En Brasil, el lío de Petrobras ha convulsionado al país con una hiriente sensación de traición.
Los brasileños tienen un dicho cuando son arrestados los ricos y poderosos: “siempre termina con una fiesta con pizzas ”. Estas palabras pretenden sugerir que el sistema de justicia está amañado a favor de las élites. Se dice que los acusados evitan la prisión y luego celebran ordenando pizzas .
La labor de cambiar la cultura en Petrobras ha recaído sobre João Elek, quien fue recién designado como jefe de cumplimiento de reglamentos de la firma.
“Si alguien tiene sospecha de que su jefe no es capaz, eso es suficiente para una investigación”, manifestó Elek.
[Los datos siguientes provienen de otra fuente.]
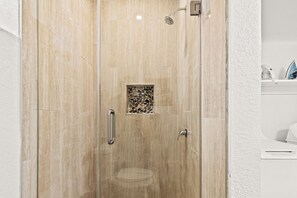 Dusche, Haartrockner, Handtücher, Seife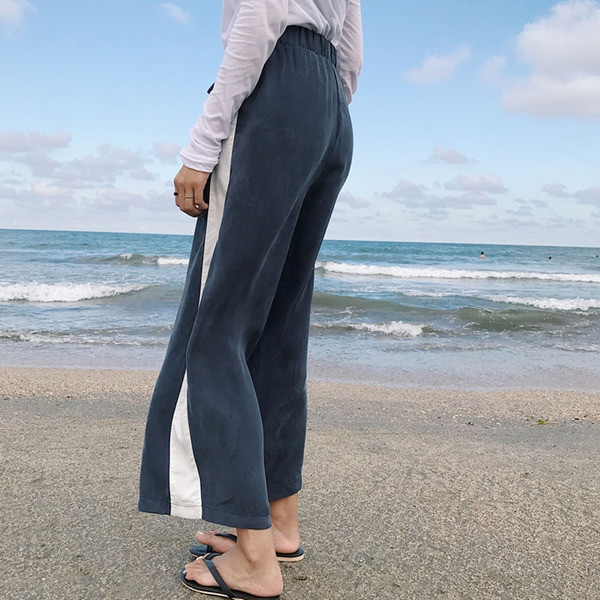 Ежедневен дамски панталон в широк модел с висока талия, в 7/8 модел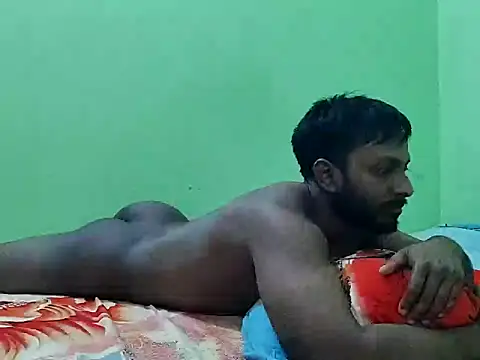 Snapshot of HunkyAriyan chatting on 09-11-25, 10:26 HunkyAriyan online show from 09-11-25, 10:26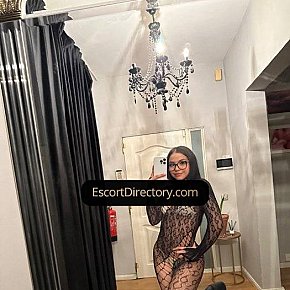 Aleska escort in Madrid offers Masaje erótico
 services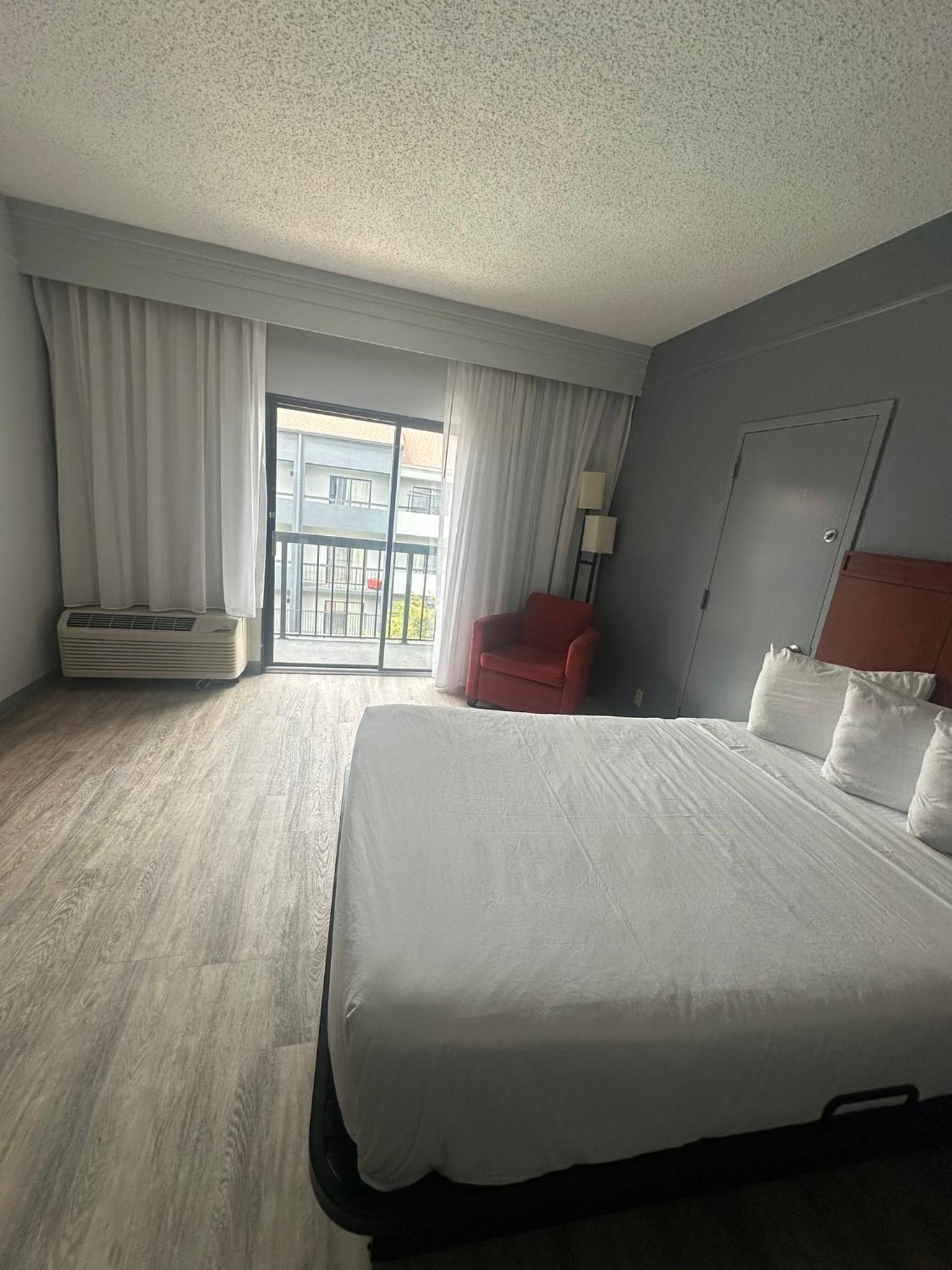 Super 8 by Wyndham Dallas Love Field Airport photo 44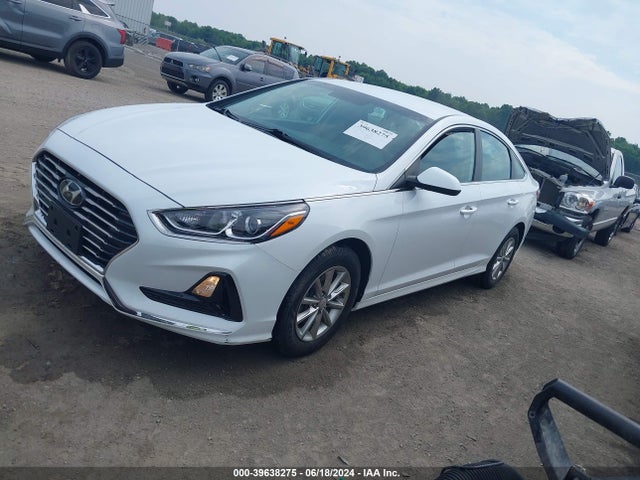 Hyundai SONATA SE 2019 5NPE24AF1KH758199 Image 2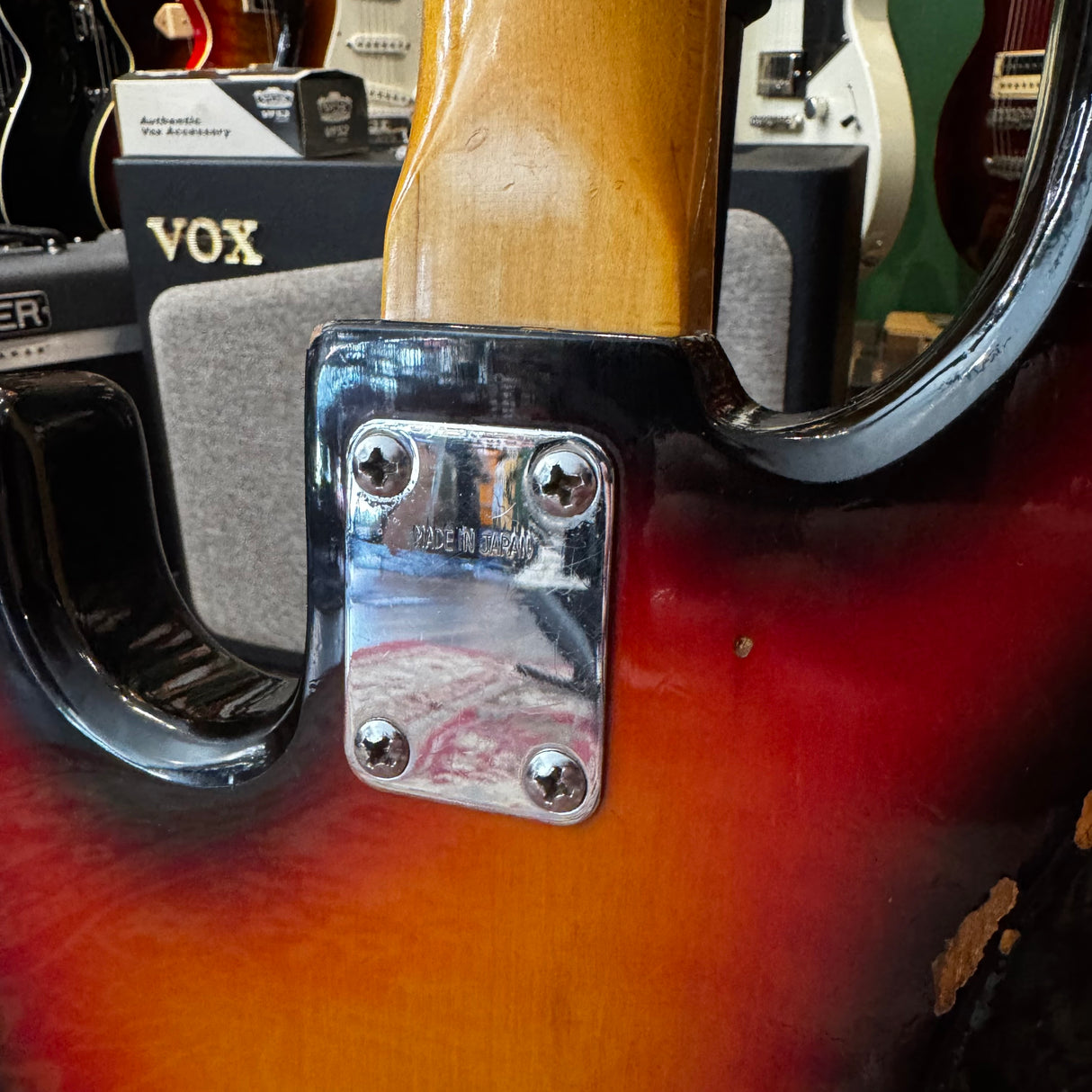 Columbus Jazz Bass Guitar Japanese 1970's Sunburst (Pre-Owned)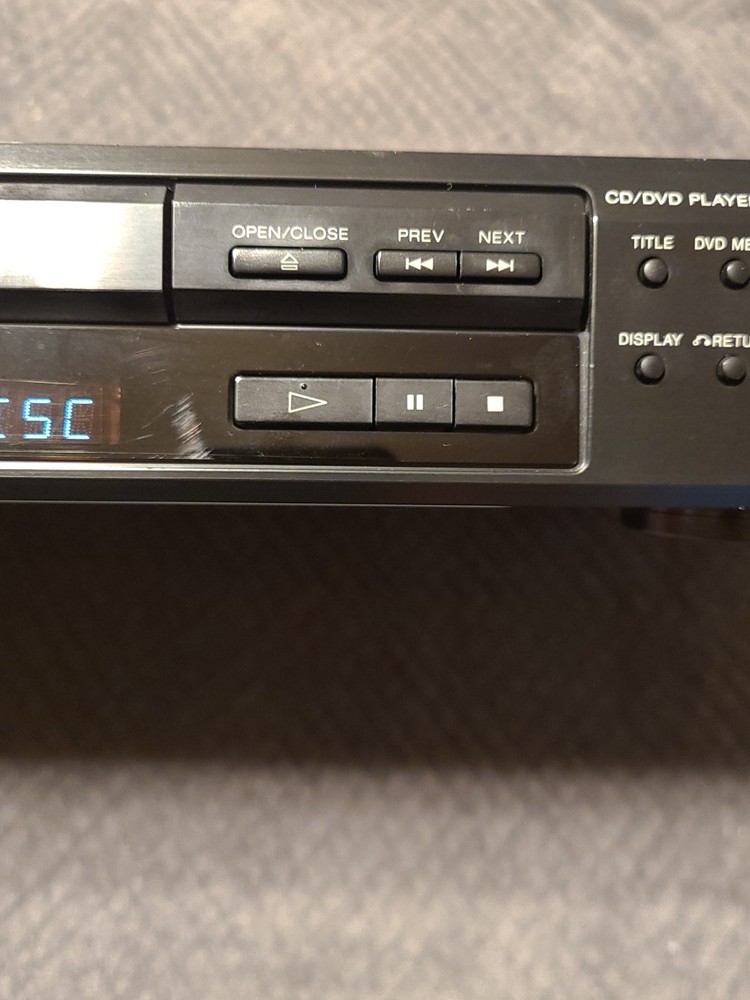 Sony DVP-S560D CD/DVD Player Tested/Working No Remote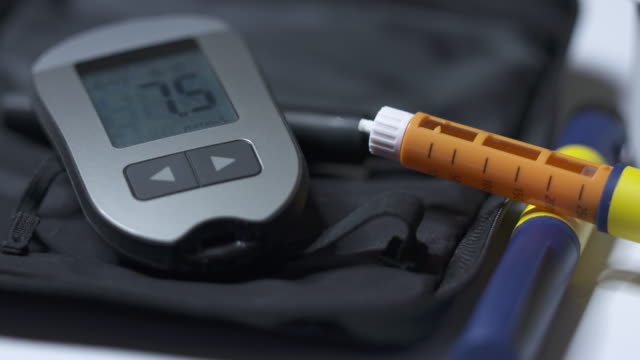 Diabetes-Test-Ausrüstung-und-Insulintherapie.-Diabetische-Stifte-und-Blutzuckermessgerät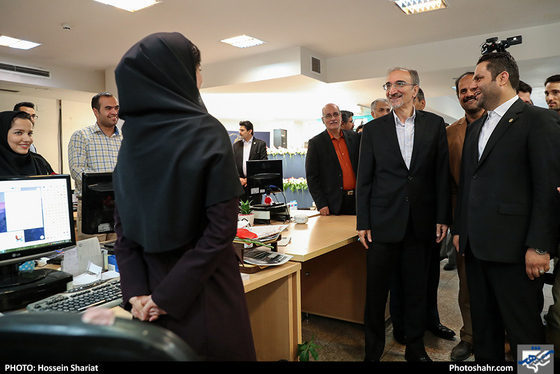 بازدید شهردار مشهد از روزنامه شهرآرا به مناسبت روز خبرنگار / عکس: حسین شریعت / شهرآرا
Como una de las compañías petroleras más grandes del mundo, Petrobras gasta más de $20.000 millones al año en ampliar su capacidad, construyendo nuevas plantas y dando servicio a instalaciones.
Eso significa que se gastan enormes sumas de dinero en una variedad de trabajos, gran parte de ellos subcontratados a compañías que desde hacía tiempo competían unas con otras por los contratos.
Sin embargo, hace una década, según los fiscales, estas compañías dejaron de competir y empezaron a colaborar.
Formaron un cartel y decidían, con anticipación, cuál de ellas conseguiría un contrato en particular. Se orquestaba una farsa de competencia, y el ganador designado podía cobrar mucho más de lo que cobraría en un mercado libre.
El cartel se hacía llamar “el club”, según testimonios y documentos presentados ante un tribunal.
Los miembros del club pronto se estaban quedando con todos los contratos importantes de Petrobras. Entre el 1% y el 5% del valor de un contrato dado se desviaba para aquellos en el extremo receptor del plan, un grupo que incluía a 50 políticos de seis partidos, según los fiscales.
“Esta crisis va al corazón del capitalismo estatal brasileño, las líneas borrosas entre las políticas económicas de Estado y los benefactores del Estado”, dijo Matthew M. Taylor de la Escuela de Servicio Internacional de la Universidad Americana.
“Lo que se está demostrando es el costo de la relación entrelazada entre la empresa y el Estado, y los tipos de corrupción a que puede conducir”.